The digital age is here, and for many of us, online and digital technologies touch our daily lives in a wide variety of ways. Whether it’s emails, e-commerce, banking, social media or otherwise, these technologies can offer a range of benefits, convenience and a means to stay connected. At the same time, from an estate perspective, as more of us increasingly “go digital” with our lives and information, this also marks an important turning point where we need to take a step back and consider the scope of our digital footprint, as well as why and how our digital assets need to be part of our estate plans. 

The digital world through an estate lens

As online technologies and capabilities have evolved over the years, the general tendency among many Canadians has been to both do more and store more digitally. And with new innovations continually pushing the bar for digital offerings, options, services and flexibility, the gravitation towards the digital realm shows no signs of slowing.

Canada is one connected country, and for many reasons, that’s a great thing, comments Sharon Hartung, founder and principal, Your Digital Undertaker, and Society for Trust and Estate Practitioners (STEP) TEP member. But there are implications to our use of technology in the planning of our estates most people don’t realize. The home office, in large part, isn’t paper anymore, and a great deal of our pertinent information, files, accounts and lives now exist online or in some other digital format. This shift could pose real challenges for estate planning and estate administration, but the good news is that with an awareness, you can proactively plan for your estate, including the digital assets and associated elements.

What is a digital asset?

When it comes to the term “digital asset,” there’s no universal definition that applies across the board (some resources define it broadly as an electronic record). The STEP recognizes digital assets as those that have financial and/or sentimental value, in much the same way as other physical assets or possessions.4

To gain a better understanding of your digital assets, Hartung suggests it may be helpful to look at the full scope of what you do, access and store digitally and then separate out the financial and sentimental aspects.

Technology has become so pervasive and so second-nature for some people, and I think that contributes to overlooking much of our digital footprint and what would be included as part of an estate, shares Hartung. To reframe it, I like to ask: Do you use email? Do you have loyalty points? Are you engaged in a social media community or have a blog? Do you use online banking or pay bills online? Do you have digital photos or a digital music collection? If so, this means you have digital assets, each with its own type and level of value that’s unique to you and your family.

In conceptualizing digital assets, it’s also important to distinguish them from digital accounts—the assets are items such as your emails, documents, images, audio or video files that are stored on digital devices, whereas the accounts are where you gain access to the assets (e.g. email account, file sharing account or social media account).

Understanding and defining your estate

As Hartung discusses in her book, Your Digital Undertaker: Exploring death in the digital age in Canada, to better understand your digital life and what that means from an estate standpoint, it’s important to first understand what an estate is and what happens to your physical assets and then use that awareness in organizing your digital affairs.

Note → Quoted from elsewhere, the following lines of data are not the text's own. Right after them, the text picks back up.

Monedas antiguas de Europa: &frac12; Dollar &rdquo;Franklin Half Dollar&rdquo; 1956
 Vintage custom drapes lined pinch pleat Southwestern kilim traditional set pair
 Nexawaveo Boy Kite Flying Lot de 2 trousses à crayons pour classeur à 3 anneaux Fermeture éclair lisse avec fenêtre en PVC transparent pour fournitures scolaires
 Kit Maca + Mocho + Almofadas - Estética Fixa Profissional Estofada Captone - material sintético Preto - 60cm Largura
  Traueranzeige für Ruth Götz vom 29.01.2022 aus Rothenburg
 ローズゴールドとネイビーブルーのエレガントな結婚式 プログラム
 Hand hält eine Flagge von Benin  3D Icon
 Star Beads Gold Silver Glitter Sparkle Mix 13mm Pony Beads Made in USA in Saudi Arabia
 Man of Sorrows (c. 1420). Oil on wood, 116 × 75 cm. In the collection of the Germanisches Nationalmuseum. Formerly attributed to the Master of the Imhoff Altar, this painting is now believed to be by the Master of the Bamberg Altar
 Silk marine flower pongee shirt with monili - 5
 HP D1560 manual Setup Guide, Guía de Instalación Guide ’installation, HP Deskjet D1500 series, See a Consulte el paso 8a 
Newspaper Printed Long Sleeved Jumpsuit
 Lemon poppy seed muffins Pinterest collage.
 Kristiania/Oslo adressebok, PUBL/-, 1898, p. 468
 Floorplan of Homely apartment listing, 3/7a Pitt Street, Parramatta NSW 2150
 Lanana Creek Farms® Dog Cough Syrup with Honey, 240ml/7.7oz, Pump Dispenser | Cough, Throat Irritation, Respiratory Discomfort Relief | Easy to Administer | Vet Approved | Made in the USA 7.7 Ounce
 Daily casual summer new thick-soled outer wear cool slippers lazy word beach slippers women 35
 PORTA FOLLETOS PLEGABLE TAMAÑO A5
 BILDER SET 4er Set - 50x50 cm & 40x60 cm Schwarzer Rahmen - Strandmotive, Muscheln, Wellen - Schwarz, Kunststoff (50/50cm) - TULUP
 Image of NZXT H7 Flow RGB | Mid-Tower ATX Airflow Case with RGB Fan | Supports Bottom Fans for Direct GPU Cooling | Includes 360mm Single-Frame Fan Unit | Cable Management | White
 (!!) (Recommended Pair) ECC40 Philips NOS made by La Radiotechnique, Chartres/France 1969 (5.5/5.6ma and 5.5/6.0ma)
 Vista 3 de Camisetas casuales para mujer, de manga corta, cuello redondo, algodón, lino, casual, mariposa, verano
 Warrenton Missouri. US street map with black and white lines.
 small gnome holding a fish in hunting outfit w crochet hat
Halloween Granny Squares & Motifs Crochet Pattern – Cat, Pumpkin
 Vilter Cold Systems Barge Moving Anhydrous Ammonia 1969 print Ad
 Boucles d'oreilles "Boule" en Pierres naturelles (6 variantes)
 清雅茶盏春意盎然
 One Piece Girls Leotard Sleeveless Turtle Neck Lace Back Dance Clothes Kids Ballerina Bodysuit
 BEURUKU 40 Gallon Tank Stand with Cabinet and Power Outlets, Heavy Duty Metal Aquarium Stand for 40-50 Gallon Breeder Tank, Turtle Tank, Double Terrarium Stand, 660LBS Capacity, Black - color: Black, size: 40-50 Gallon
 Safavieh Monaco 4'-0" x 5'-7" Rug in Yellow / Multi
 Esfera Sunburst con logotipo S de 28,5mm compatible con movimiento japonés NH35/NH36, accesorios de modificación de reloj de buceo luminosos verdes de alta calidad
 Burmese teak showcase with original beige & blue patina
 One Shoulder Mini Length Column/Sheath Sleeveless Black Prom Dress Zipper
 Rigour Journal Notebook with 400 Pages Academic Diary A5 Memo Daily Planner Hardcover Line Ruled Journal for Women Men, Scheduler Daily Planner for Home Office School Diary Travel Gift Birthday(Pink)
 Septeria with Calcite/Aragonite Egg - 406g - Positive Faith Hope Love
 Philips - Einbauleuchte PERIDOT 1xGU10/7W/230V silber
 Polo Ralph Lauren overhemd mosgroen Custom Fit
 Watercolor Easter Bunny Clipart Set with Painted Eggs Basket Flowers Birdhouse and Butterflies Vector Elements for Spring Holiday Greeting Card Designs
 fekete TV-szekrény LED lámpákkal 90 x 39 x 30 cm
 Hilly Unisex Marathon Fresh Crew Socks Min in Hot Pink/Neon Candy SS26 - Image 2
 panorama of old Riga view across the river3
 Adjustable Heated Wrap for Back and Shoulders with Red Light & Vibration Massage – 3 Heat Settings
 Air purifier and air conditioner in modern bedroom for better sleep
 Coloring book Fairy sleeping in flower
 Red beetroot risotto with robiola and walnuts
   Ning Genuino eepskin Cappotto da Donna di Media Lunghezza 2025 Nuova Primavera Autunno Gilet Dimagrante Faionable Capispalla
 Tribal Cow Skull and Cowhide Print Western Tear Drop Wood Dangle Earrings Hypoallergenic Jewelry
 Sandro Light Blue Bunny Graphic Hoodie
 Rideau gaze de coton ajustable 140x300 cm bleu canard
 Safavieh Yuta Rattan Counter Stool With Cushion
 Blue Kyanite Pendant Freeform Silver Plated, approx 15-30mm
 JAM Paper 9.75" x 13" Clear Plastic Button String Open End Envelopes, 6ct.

In general, an estate can be defined as the property you own or that you have legal interest in. An estate includes your real estate, personal property, securities and other assets and liabilities. In administering an estate after someone passes away, a Will is the guiding legal document that outlines how property and possessions are to be distributed, according to that person’s wishes.

While many make the assumption that their estate would pass to their spouse if they were to pass away without a Will, in reality what happens is that they’d be deemed to have died “intestate.” Dying intestate generally means your estate will be administered in accordance with provincial or territorial legislation based on where you resided at death—in other words, you lose the element of choice with your wishes and intentions.

Poll data currently indicates that among Canadians, only about one-third have an up-to-date Will.5 Given this low percentage, and because digital assets are a relatively newer territory in estate planning, it’s rare that digital assets are properly accounted for.

As Hartung reinforces, A current Will is fundamental to dealing with one’s assets, including digital assets. Today that means your Will has a clause or additional words that specifically address your digital assets and give your executor the directions and powers to deal with them—that’s a new framework of thinking for most people. Without a Will or without pre-planning and including your wishes around your digital assets in your estate plan, even our precious memories, such as our digital photos, can now be lost.

Legacy contacts for online accounts

While there aren’t many current platforms that offer pre-planning features, there are a few that allow users to select someone who will have access to the account after the user passes away. Where these features do exist, there’s still a lack of awareness about them, so it’s worthwhile to look into the settings and use the pre-planning functions where possible.

Legacy contacts for online accounts

While there aren’t many current platforms that offer pre-planning features, there are a few that allow users to select someone who will have access to the account after the user passes away. Where these features do exist, there’s still a lack of awareness about them, so it’s worthwhile to look into the settings and use the pre-planning functions where possible.

Estate impacts in the digital age

In much the same way as with other types of property that form your estate, including your digital property in your Will and estate plans is the best way to ensure the financial and sentimental value of those assets doesn’t get lost.

The good news is that all the estate planning basics still apply, such as creating an inventory of your assets and property, thinking about what you want done with your estate—including your digital estate now—including them in a Will and leaving instructions for the executor, Hartung explains. But because of the virtual nature of a digital asset, an executor isn’t just going to stumble upon it in your home office as they perhaps would’ve in the past with a printed bank statement amongst your papers and hardcopy files. The pre-planning becomes key because the executor needs to know you have the digital assets in order to find them and deal with them.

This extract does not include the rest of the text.